Brassicas are very susceptible to damage by the infamous cabbage white butterfly. They are one of the most common butterflies in your garden that lay eggs on the underside of the leaves that ultimately hatch into caterpillars and eat your crop. The eggs look like tiny white dots about the size of a pinhead.

Aphids and mites can also be an issue; they cause damage by sucking the sap out of new growth and established leaves. Organic pest control methods are the safest solution to overcome or prevent these issues. Remove caterpillars and squash their eggs with your fingers and use organic horticultural oil on unwanted insects to smother them. The ultimate control for caterpillars and protection from birds is to erect a fine netting over the entire crop. This also helps to deter other pests at night, such as possums and protects them from hail damage. To deter snails and slugs, try spreading crushed eggshells or used coffee beans around the perimeter of your seedlings.

Ongoing care

Commence a liquid feeding regime every three weeks, alternating between Hoselink’s Plant Health Seaweed Tonic and Super Grow Garden Fertiliser, and maintain this right up until harvest time. In addition, mulching with hay or pea straw will assist in suppressing weeds and helping to maintain soil moisture.

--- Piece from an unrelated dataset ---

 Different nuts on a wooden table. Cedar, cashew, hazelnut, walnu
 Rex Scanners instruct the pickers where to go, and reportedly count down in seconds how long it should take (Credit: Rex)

  • Broccoli - Harvest the main head once they have reached full size and the individual florets are still closed and tight. If left for too long, they will open and eventually go to flower. Once the main head is harvested, don’t pull the plant out, some varieties throw out small broccoli side shoots that allow you to cut and come again.
  • Cauliflower - Harvest when the head or curd is well-formed, tight and firm. If left for too long, the curd tends to open and split.
  • Brussels sprouts - They are ready for harvest once they are 1 or 2 inches in diameter. Harvest from the bottom up, removing yellowing leaves as you go.
  • Cabbage - Harvest the heads when they have reached the desired size and are nice and firm. Simply cut them with a sharp knife just above ground level at their base.
  • Kale - Baby kale leaves can be ready in as little as four weeks after planting; larger leaves will take longer. Pick them individually, starting with the lowest and outermost leaves and working towards the centre of the plant. Picking mature leaves will encourage lots of new growth to occur.
  • Kohlrabi - Harvest when they are 2.5-4 inches in diameter by cutting them with a sharp knife at the base.
  • Turnips and swedes - These are fast-growing crops like radishes. Harvest after 6-10 weeks by lifting out the root once it’s about 2-3 inches wide.